Sen. Clinton would have been stuck and could not have given her Reaganesque (Nancy, that is) answer and just said no. But when given his chance early in the Las Vegas debate to show what his campaign supposedly is all about - principle over parsing - Obama looked as if he tried to thread the illegal immigration needle with a piece of rope.

Obama never recovered, Clinton was emboldened and the field fell back in line behind the front-runner. She truly seemed like a woman among boys.

Amid all the static - whining about the hall being stuffed with Clintonites, about CNN controlling the supposedly spontaneous questions and about Wolf Blitzer's obsession with binary answers - comes the near-unanimous decision by the chattering class (c'est moi, aussi) that Clinton won by not losing.

But the Democratic Party has yet to resolve the battle for its soul, as the litmus testers of the blogosphere wrestle with the pragmatists in the corporeal world. Is it winning at all costs because of what you can do with the victory, or what you sell by winning at all costs that could make the win so soulless?
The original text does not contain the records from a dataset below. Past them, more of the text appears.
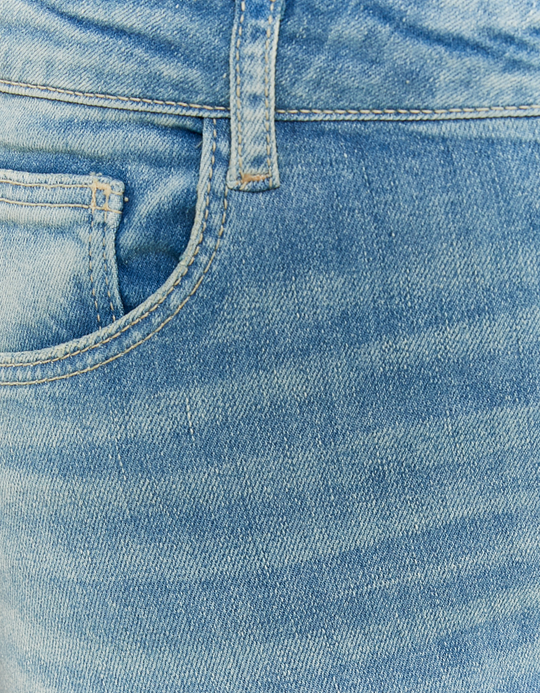 TALLY WEiJL, Blaue Mid Waist Push Up Flare Jeans for Women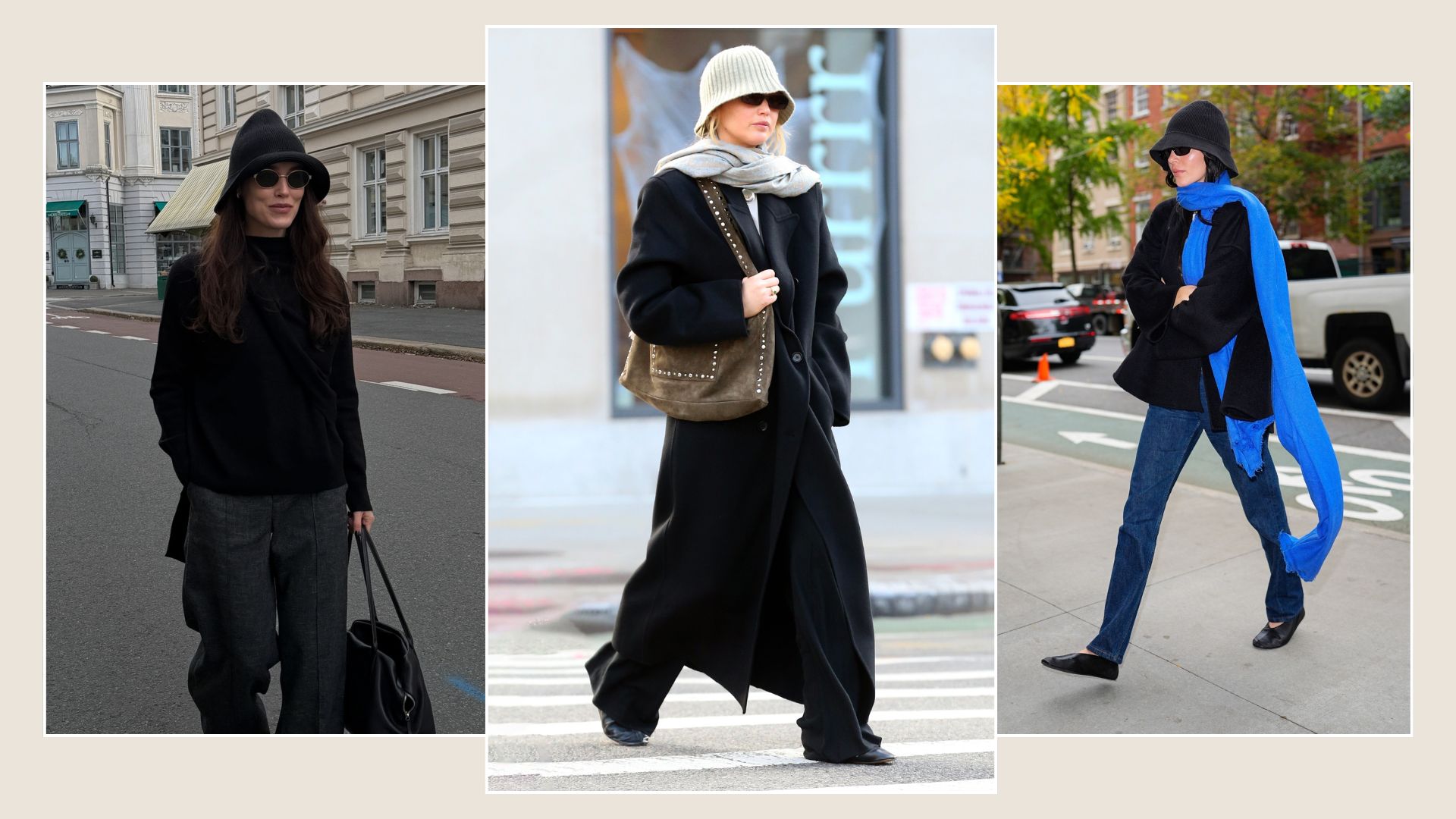 A collage of Jennifer Lawrence and Kendall Jenner wearing a '90s romcom outfit.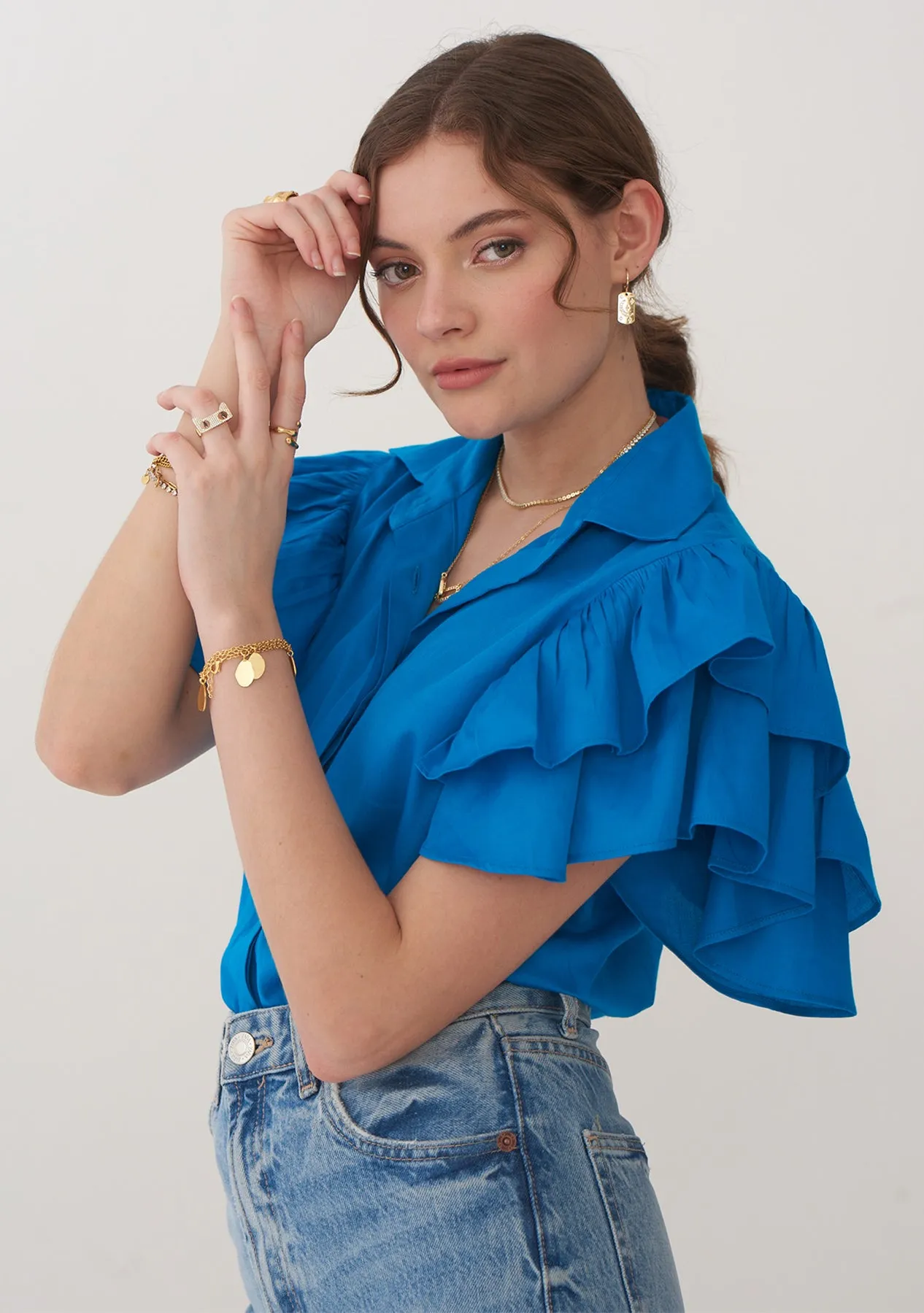 Blue Raffle sleeves Cotton Statement Shirt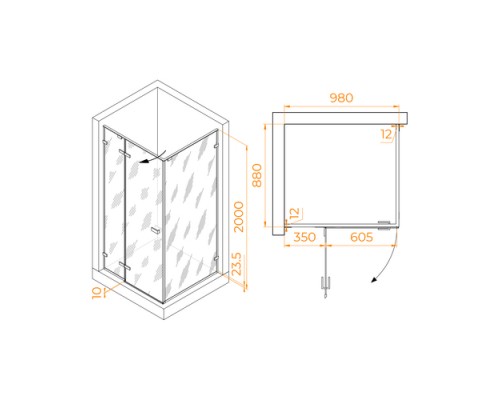 Душевой уголок RGW Stilvol SV-040B 100x90 черный, матовое 353204009-24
Those are the questions that define the Clinton-Obama war for the party, with other less-relevant skirmishes characterized by John Edwards' animated but increasingly tiresome populism, Joe Biden's often beautiful, occasionally flaming eloquence, Dennis Kucinich's persistent, quirky truth-telling, Bill Richardson's sometimes dead-on, often demagogic rhetoric and Chris Dodd's intelligent and yet so-often marginalized positions.

Lost behind the headlines of Thursday's debate were a couple of exchanges that, if allowed to flower by Blitzer, might have changed the race's dynamic.
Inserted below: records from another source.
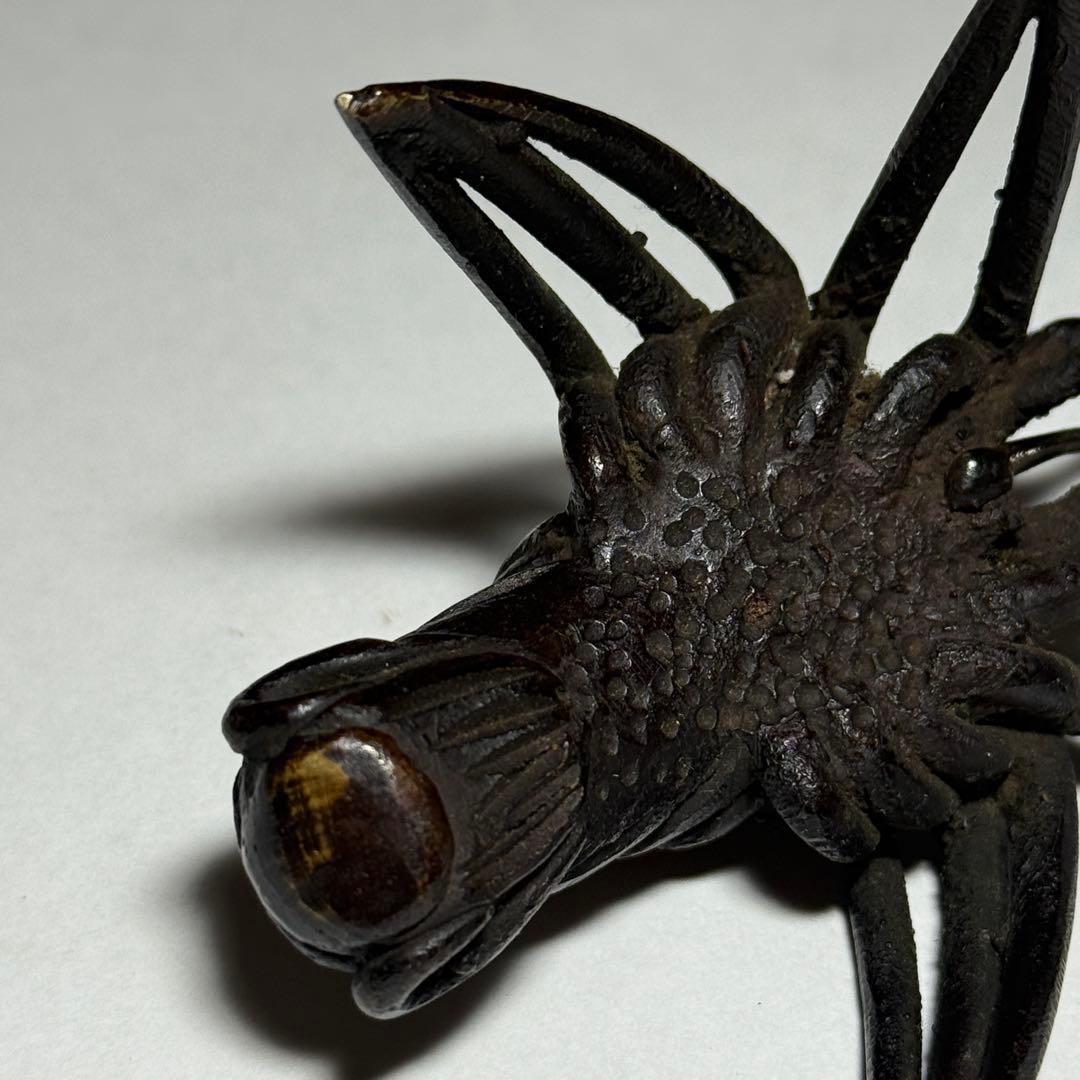 ◆古銅海老置物 山銅（やまがね） 桐箱付き 江戸時代◆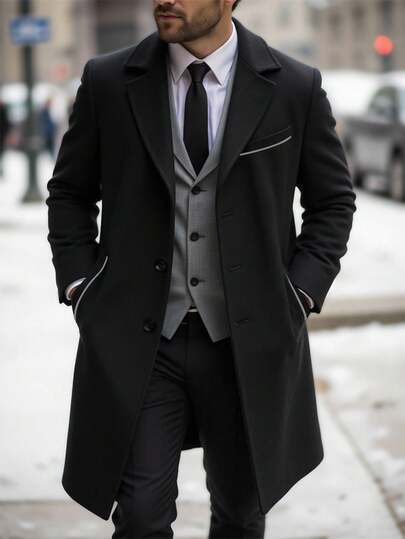 Manfinity Bizformal Abrigo casual de manga larga con botones delanteros y bolsillo para hombre, ideal como regalo para amigos, esposo o novio. Abrigo negro para hombre, abrigo cruzado para hombre, abrigo con cinturón para hombre, abrigo largo para hombre, ropa de abrigo elegante y clásica para iglesia, otoño/invierno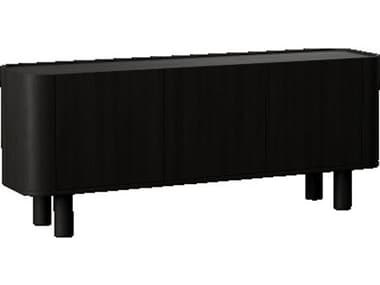 Unique Furniture Monsun 70" Oak Wood Black Sideboard JEMONS5032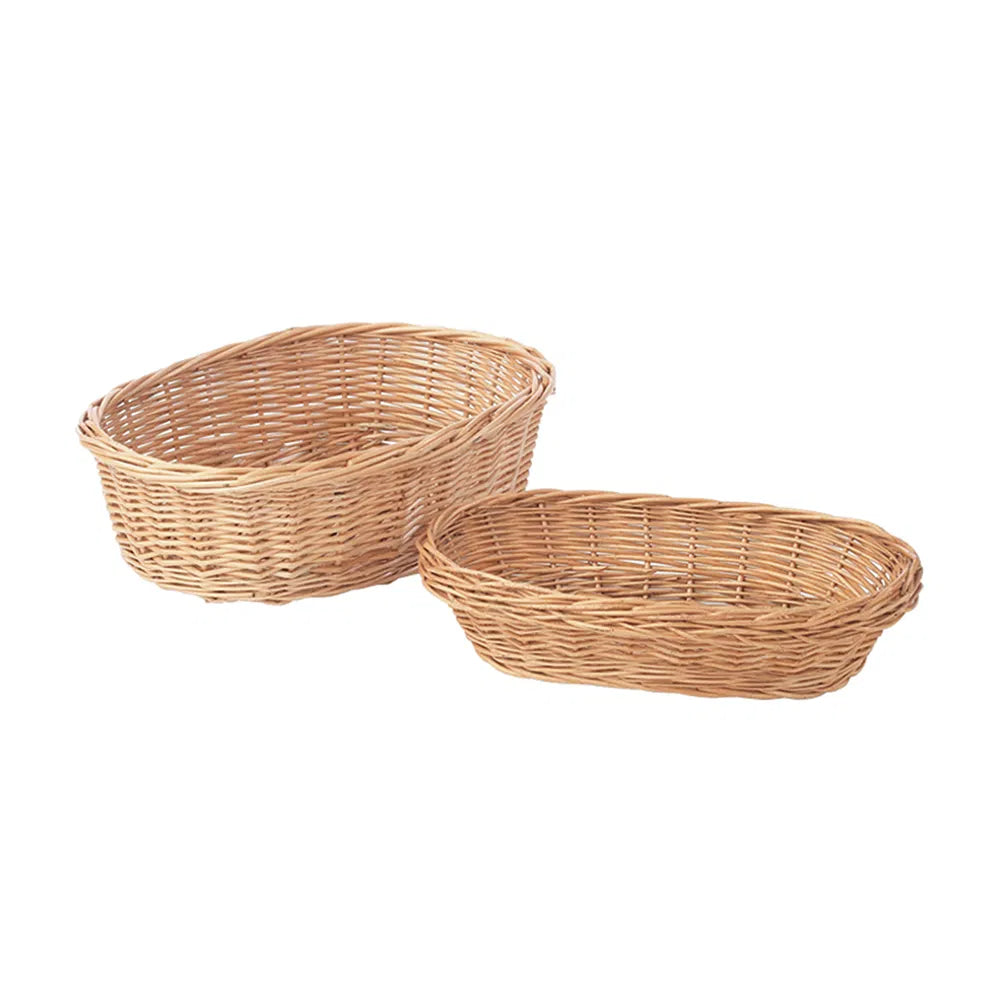 Buff Wicker Large Oval Basket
On health care, Clinton put Obama on defense when she declared, "His plan will leave 15 million Americans out."

Given the chance to respond, Obama did not deny his plan has a gap and instead accused Clinton of imposing a mandate she would not enforce, declaring, "she is not garnishing people's wages to make sure that they have it." Now that ought to win you some votes.

What if he had simply said something else? Such as: "We all want universal health care. Hillary knows that. Some get us there faster than others but we all want to cover everyone. The Republicans do not. The simple question for Hillary is why we should trust her to do it when the last time we put it in her hands, we lost control of Congress and gave the insurance companies the upper hand for a decade and a half."

But he didn't, so she didn't have to defend her ability to bring coalitions together, the seminal weakness of her campaign and the reason so many Republicans want to see her nominated.

On Social Security, Clinton waded into troubled waters when she insisted that lifting the tax cap would result in a $1 trillion tax increase. "I don't think we need to do that," she added.

Here, Obama pounced and pointed out that only 6 percent of Americans make more than $97,000 a year. "So 6 percent is not the middle class," he added, then throwing in the zinger booed by the numerous Clinton partisans imported by the numerous local Clintonites: "You know, this is the kind of thing that I would expect from Mitt Romney or Rudy Giuliani, where we start playing with numbers."

Scripted? No doubt. But would the line have been more memorable if the format allowed those two to continue debating that issue? Very likely. In that case, Obama said what he needed to say, but the moment was lost.

This was the What Might Have Been debate for Obama. And unless he is able to adjust to often constrictive debate formats and make his points with crispness, in a few months this will be the What Might Have Been race for the Illinois senator.